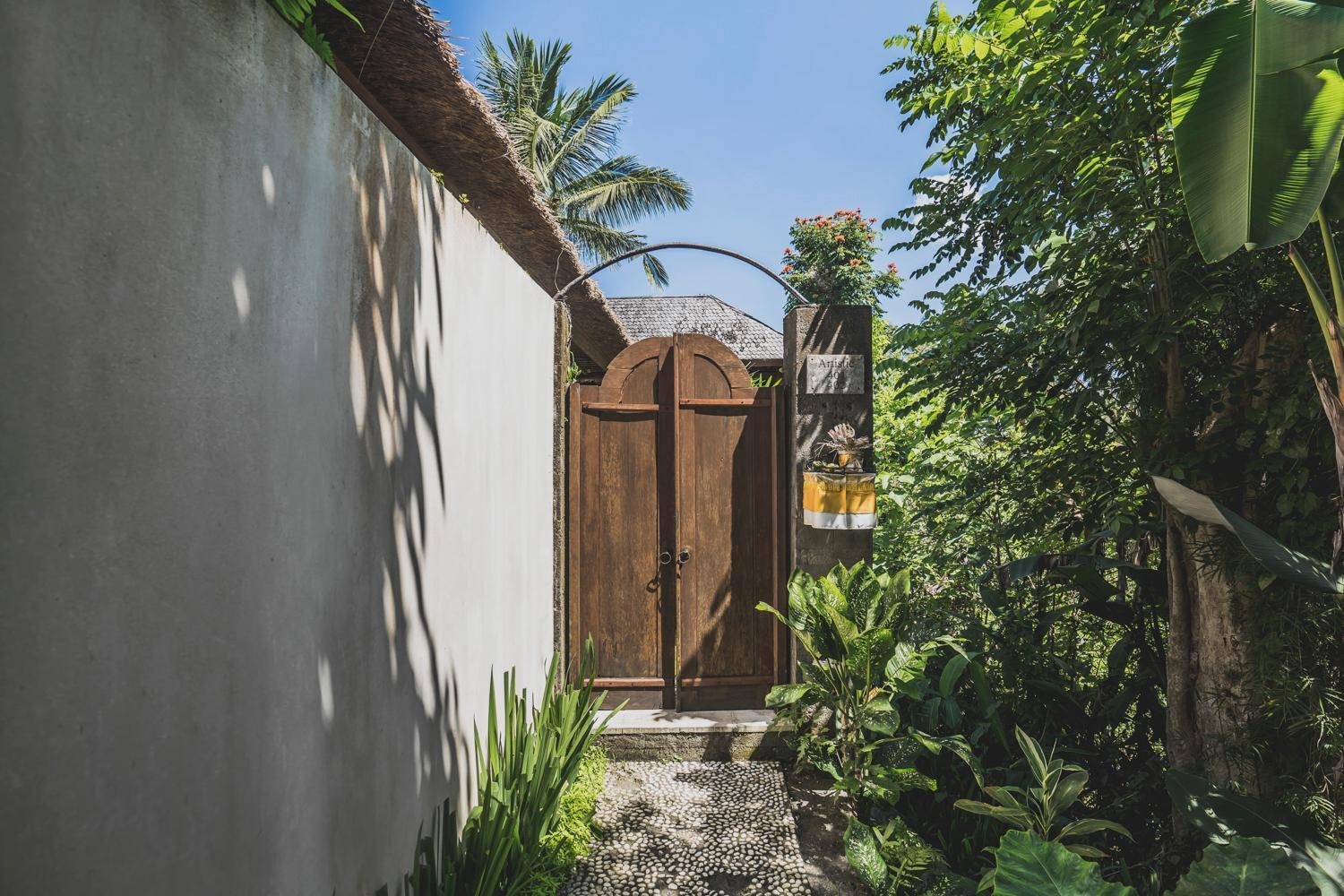 Luwak Estate Villa Ubud Eksteriør bilde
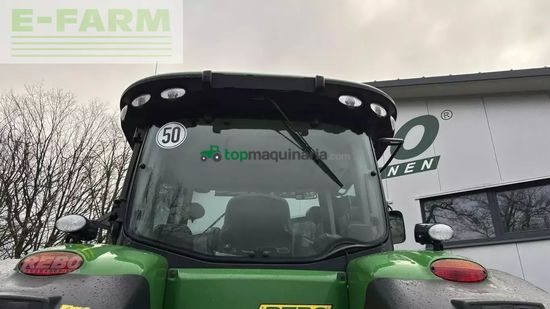 Tractor agrícola - John Deere - 8285r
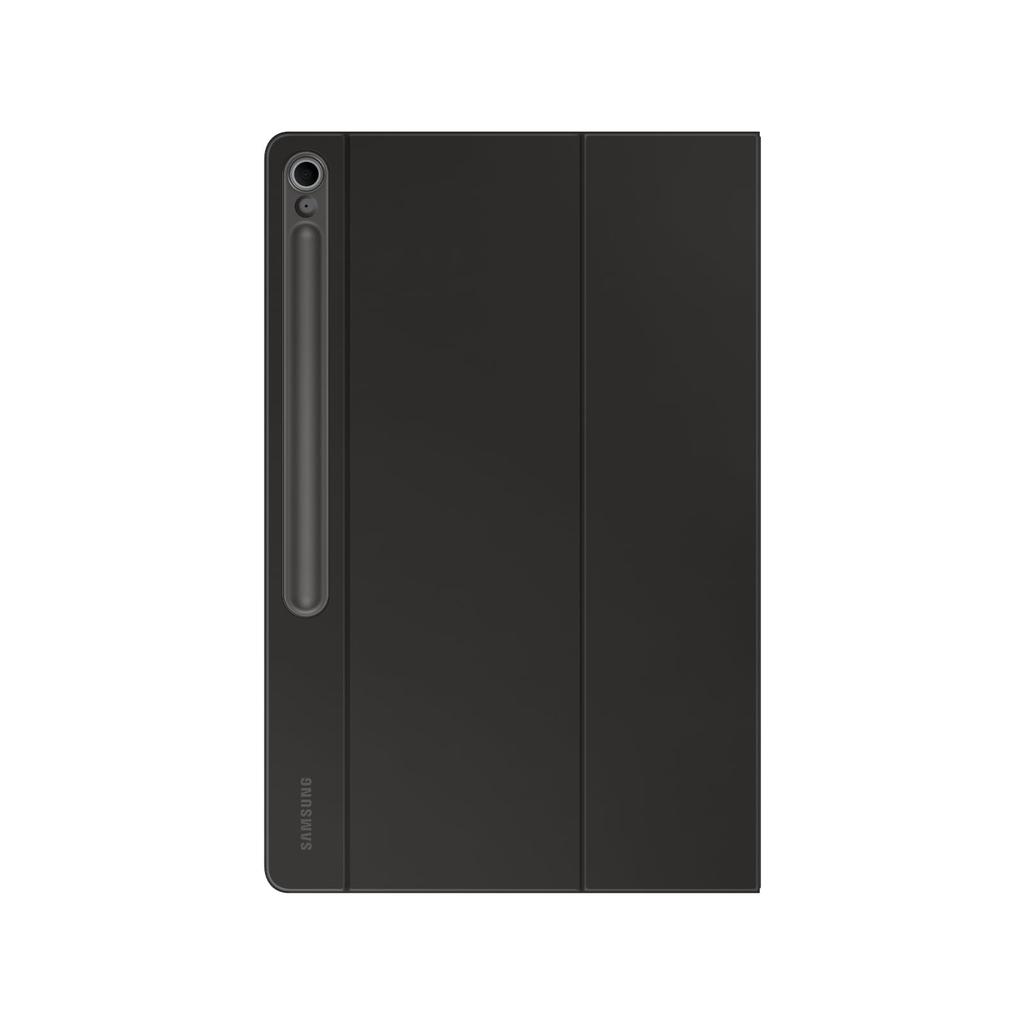 Tab S10 FE Book Cover Keyboard Slim AI Key Black Tablet Cover with Keyboard US Layout Genuine Samsung + — EF-DX620UBEGJP
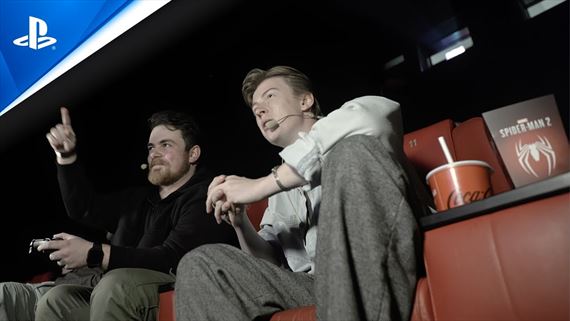 Ako to vyzeralo na lok�lnom launch evente Spider-Mana 2?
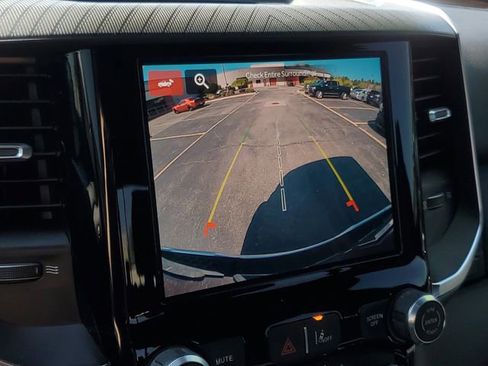 Used 2025 RAM 1500 Big Horn image 22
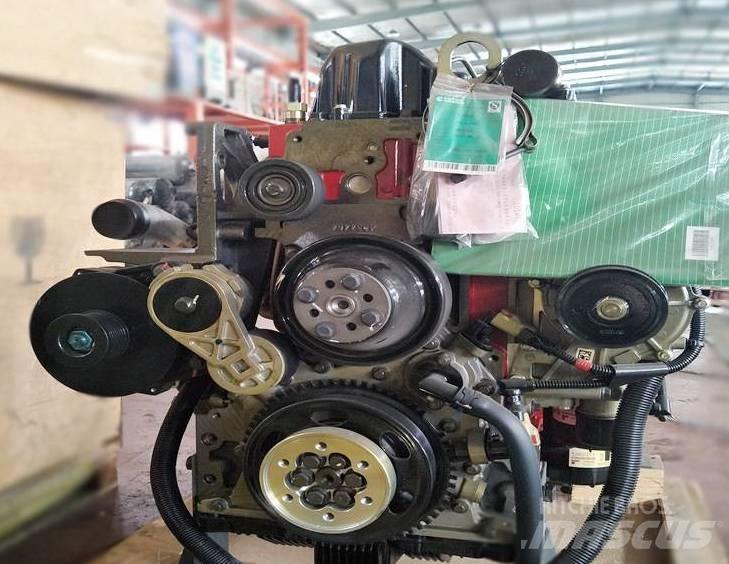 Cummins ISF3.8S5168 引擎/發動機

**Aim of the exercise**.
Leaving all pictures aside, print exactly the lines from the one that contains "Tab S10 FE Book" through the last line of the data above, inclusive.

**Your response**.
 Tab S10 FE Book Cover Keyboard Slim AI Key Black Tablet Cover with Keyboard US Layout Genuine Samsung + — EF-DX620UBEGJP
 Ako to vyzeralo na lok�lnom launch evente Spider-Mana 2?
 Used 2025 RAM 1500 Big Horn image 22
 Cummins ISF3.8S5168 引擎/發動機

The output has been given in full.